We listened to the radio softly as we drove down the road, I didn't know about him, but I wasn't paying attention to it. Once we pulled into the drive way he got out at the same time as me, but I was leaned up against the car.
"It'll feel like home again one day," he read my mind. I looked at him surprised, and he gave me a weak smile.
"I hope," I told him as he handed me a smoke.
"Ya know, if there's anything I can do," I stopped when I opened my mouth.
"There's not anything you can do that'll make me forgive you for using me. Is that what this is about? Trying to clear you conscious?"
"Maybe a little," he admitted and I smirked at him. "Mary, I did care about you, I do care about you," he grabbed me hand.

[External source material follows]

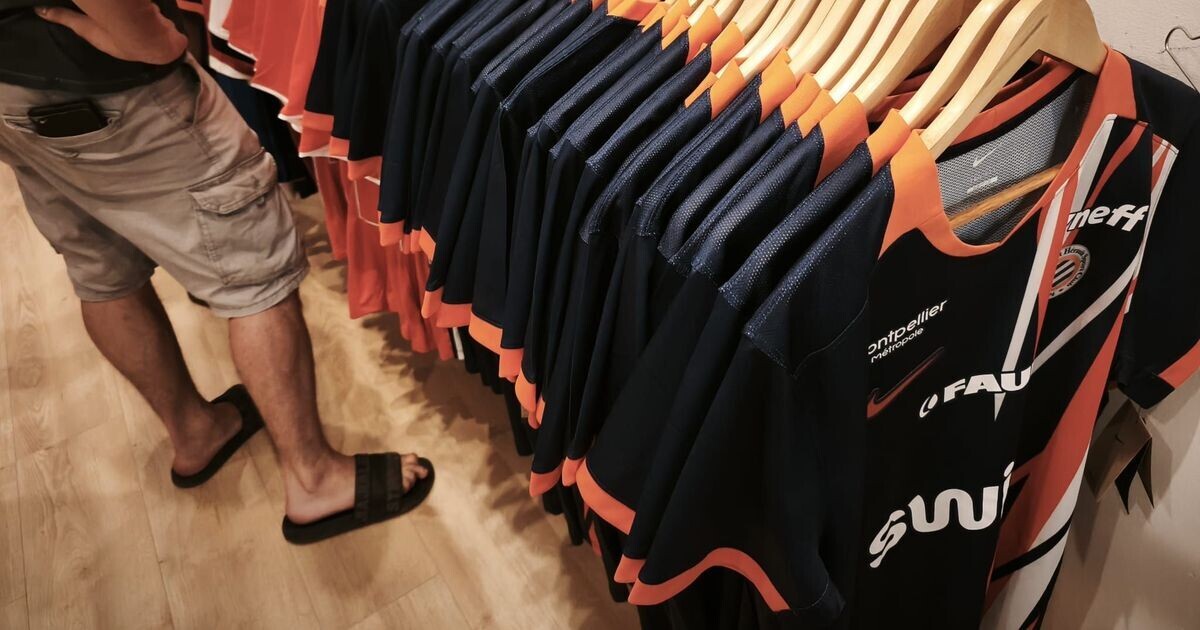iciherault's tweet photo. 🔵🟠MHSC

I instantly pulled away.
"Only when it's convenient for you," I took a few steps back. I wished I would feel power when I talked to him. I wish I felt good about myself for standing up to him, but truthfully, I did not. I felt heart ache, and I felt pain.
"I ain't perfect, I realize that," he argued.
"It's not even the sex I regret, its that the last conversation I had with either of my parents was me defending you. Me telling them I loved you, and how great you were. My last conversation with my parents was a lie, and that's not the way our relationship worked," I started to get emotional so I turned to leave dropping my cancer stick on the ground. I wanted to hear his car crank and him tear down the road, I wanted him to not care and to just move on. It would have been easier if he just left, but instead he stood in the driveway like a lost dog.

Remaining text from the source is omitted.